Water Management – Institutional Reforms, Conservation Efforts, etc.

Twin issues: Shrinking water bodies and floods in urban landscapes

Note4Students

From UPSC perspective, the following things are important :

Prelims level: Not Much

Mains level: Urban floods in India

This newscard is an excerpt from the original article published in the D2E.

Try this question for mains:

Q.Shrinking water bodies and floods in urban landscapes are mutually induced by each other.

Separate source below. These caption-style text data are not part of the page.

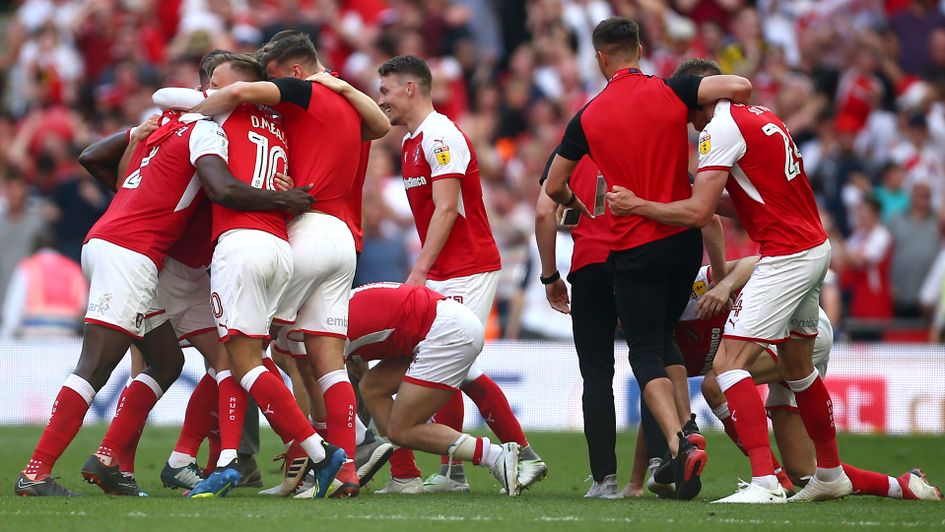 Rotherham players celebrate achieving promotion to the Sky Bet Championship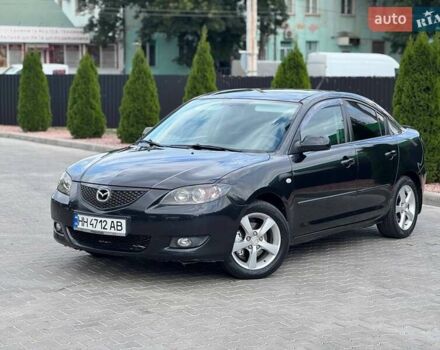 Черный Мазда 3, объемом двигателя 1.6 л и пробегом 186 тыс. км за 5750 $, фото 1 на Automoto.ua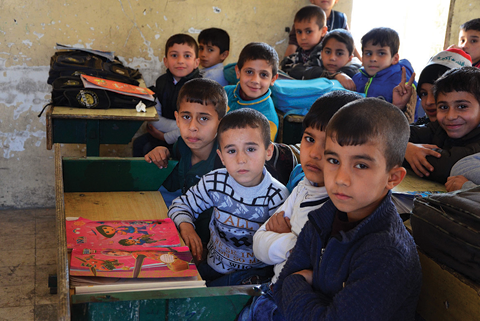 Iraqi children pose for a photo in a classroom in the battered city of Mosul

Analyse.

Water in urban landscapes

  • Lakes and wetlands are an important part of the urban ecosystem.
  • They perform significant environmental, social and economic functions — from being a source of drinking water and recharging groundwater to supporting biodiversity and providing livelihoods.
  • Their role becomes even more critical in the present context when cities are facing the challenge of rapid unplanned urbanisation.
  • Their numbers are declining rapidly. For example, Bangalore had 262 lakes in the 1960s; now only 10 of them hold water.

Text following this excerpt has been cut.